The majority of their promotion was done online, and funding was not an issue, Roberts said.

"We didn't really put any money into it because reserving the Capitol and the south steps and the podium and the sound system was free from the state," Roberts said. "...This is an American issue, and the debt is something that all Americans should be concerned about. So we didn't want to put a College Republican name on it. ... And no, there was no funding involved from the College Republicans."

Rep. Chris Kelly, D-Columbia, said he never considered attending or making a statement at the tea party.

"I think it's silly," Kelly said. He also said although he was glad Kuessner spoke at the tea party, the event "doesn't have any meaning."

"I'm glad these people appear to be serious about wasteful government spending, and I welcome them to the effort to stop it," Kelly said. "But they've been missing in action for eight years. Where were they during the most corrupt and expensive war in American history? Where were they during the runaway spending during the Bush administration? This has no purpose except to badmouth Obama."

Mizzou College Democrats president Brian Roach also said he never planned to attend the tea party and that the events are not a bipartisan effort.

"I think if you look at what the folks at the tea parties around the country have been representing, it's not something that's in touch with mainstream America," Roach said. "It definitely doesn't represent the sentiments of both parties. The folks that have been going to these tea parties largely, in my opinion, represent the fringes of the broken Republican party."

The tea party opened with Rep. Cynthia Davis, R-O' Fallon, at the podium. Before the event began, Davis called taxation her favorite topic.

"We're tired of seeing the federal government squander our money," Davis said. "If they don't get the message that we're frustrated, I think they're deaf."

Davis, Republican Lt. Gov. Peter Kinder and other Republican lawmakers who spoke received welcoming cheers from the crowd. Kuessner said he was not offended by the boos he received.

"That proves what a wonderful government we have for them to be able to have their signs and their expressions and their booing and their hollering," Kuessner said. "Gosh, what a great country we live in that they had that opportunity. That's democracy, and I love it."
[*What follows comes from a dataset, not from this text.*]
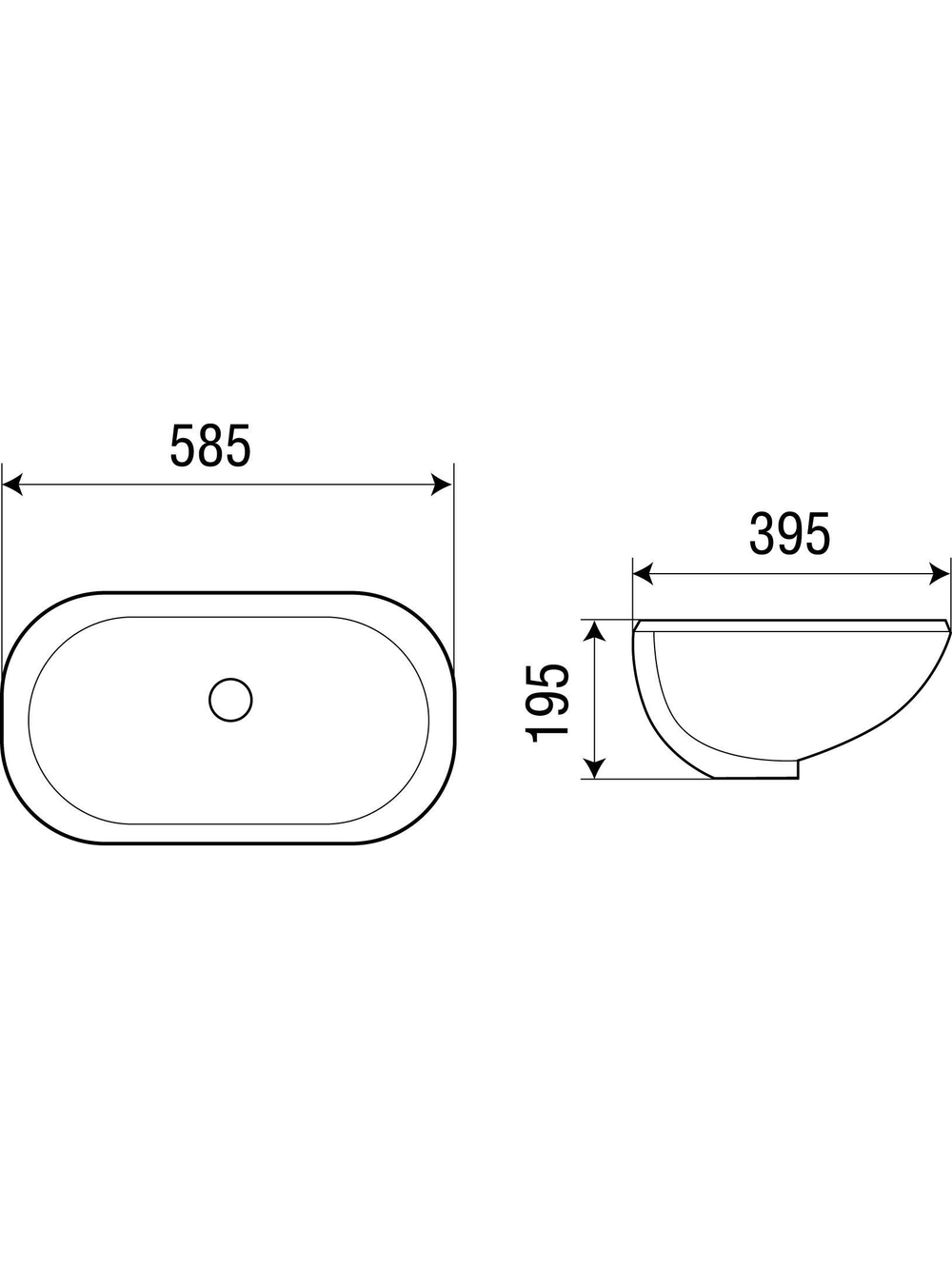 Раковина подвесная WeltWasser WW DEILBACH 6030 585х395х195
Kuessner said Clark later apologized for physically blocking him from view of the crowd. Roberts later said the College Republicans plan to invite Kuessner to campus and "give him a chance to say his piece because (the way the crowd treated him) was not our purpose in doing this at all."

Clark and his wife, Norma, who heard about the tea party from FOX News and a local radio station, said they came "because we're fed up with paying taxes and it being wasted."

"We don't necessarily agree with what's going on," Norma Clark said. "The nation is on the road to socialism. Freedom will be lost, and that's not just for Christians."